# #38 Tyre & Trim Dressing



## Johnnyopolis (Oct 25, 2005)

Hi Guys oh and of course the ladies 

Over the next few days I could do with some help.

I need to increase my ebay reputation and you lovely people can help 

How you may ask.....

By following this link and buying the item from me is the answer.

#38 250ml Sample

There is only one on there at the moment. I will add 4 more this afternoon on a 24 hour auction!

The nightmare with Ebay is that as a new user you cannot do buy nows until you have 5 feedback....

Your help is appreciated!

Johnny


----------



## Neil_S (Oct 26, 2005)

Couple of bids put in to get us started.

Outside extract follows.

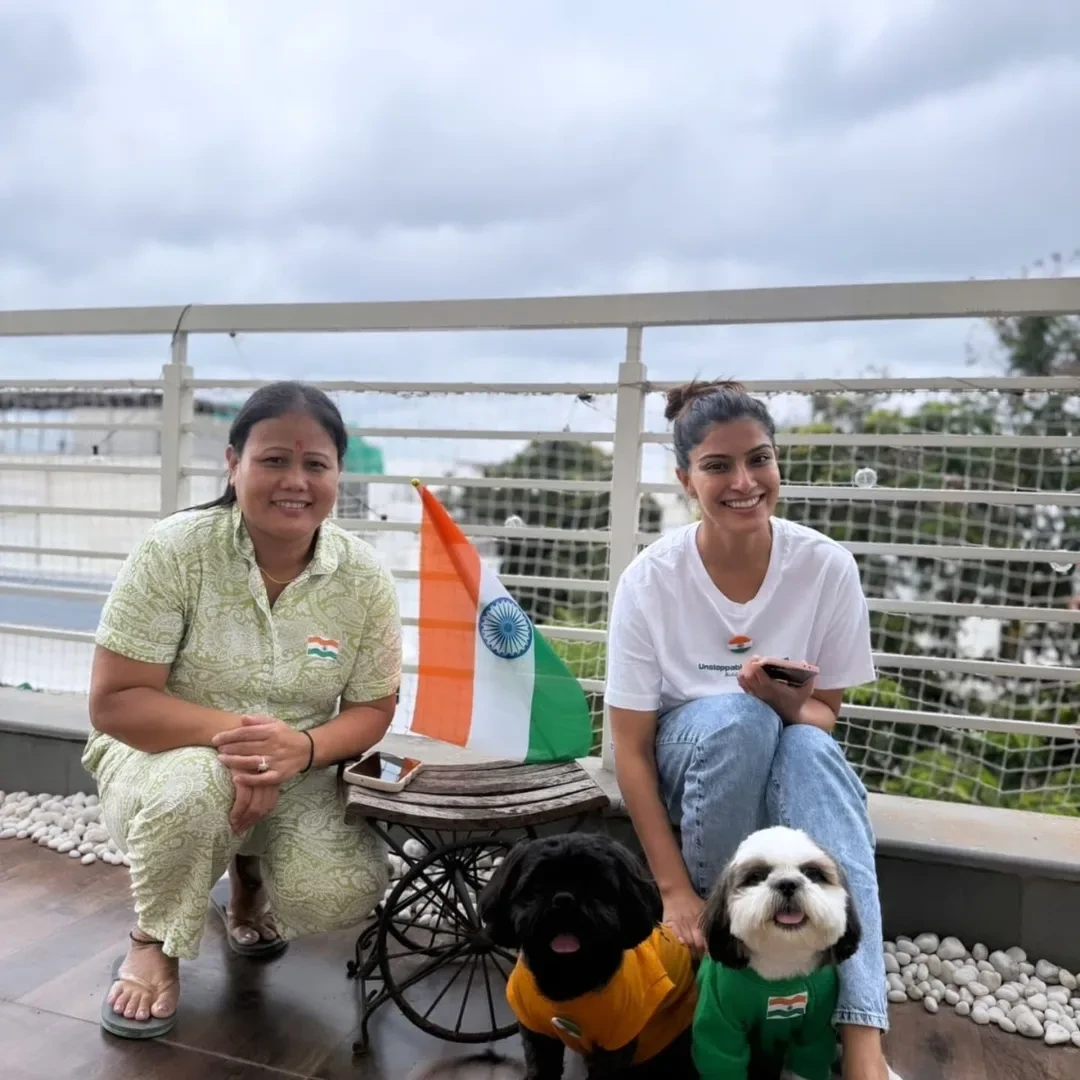 Varalaxmi Sarathkumar Independence Day Special Photos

My dad could defo do with a bottle and another to replenish my other bottle!

Cheers for the Wheel Brightener and APC, arrived this morning :thumb:


----------



## Naddy37 (Oct 27, 2005)

Bid put in from me too....:thumb:


----------



## Johnnyopolis (Oct 25, 2005)

cheers neilos...

I cant do any buy it nows as a new user till you have 5 feedback.... as soon as you and neil put feedback in i just need to sell one more then I will put loads of samples up on buy it nows! APC, Wheel Brightner, Hyper Wash but to name a few! 

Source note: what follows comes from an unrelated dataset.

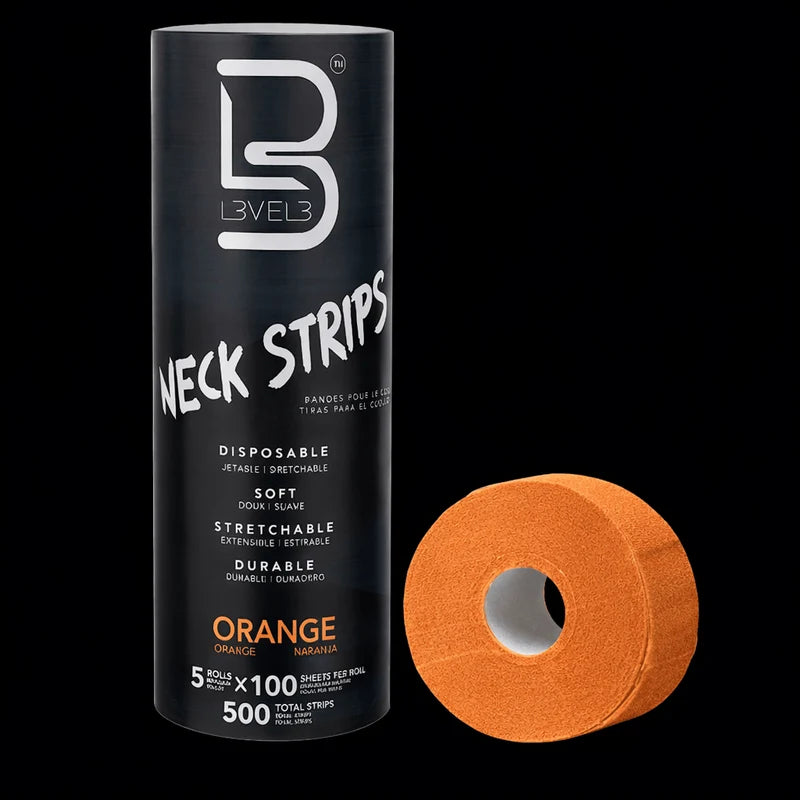 L3VEL3 Neck Strip - 5 Rolls (500 Count)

So I will finish your auction Neilos, and if you guys could chuck some feedback my way that would be great! 

Oh and I will return the favour but im not allowed to give feedback as a new used for 5 days! Jeez you gotta love ebay!

Johnny


----------



## tosh (Dec 30, 2005)

Another bid placed...
--Tosh


----------



## Johnnyopolis (Oct 25, 2005)

nice one thanks! Ill finish it early....


----------



## tosh (Dec 30, 2005)

Feedback sent...

--Tosh


----------



## Naddy37 (Oct 27, 2005)

Cheers John, #38 sample arrived today. Feedback left...:thumb:


----------



## Johnnyopolis (Oct 25, 2005)

Thanks guys, there is a lack of samples at the moment, but we are waiting for some bottles to arrive....

As soon as they do bits will be back online!

Cheers,

Johnny


----------



## WHIZZER (Oct 25, 2005)

just noticed you have got autosmart brisk on there top product :thumb:


----------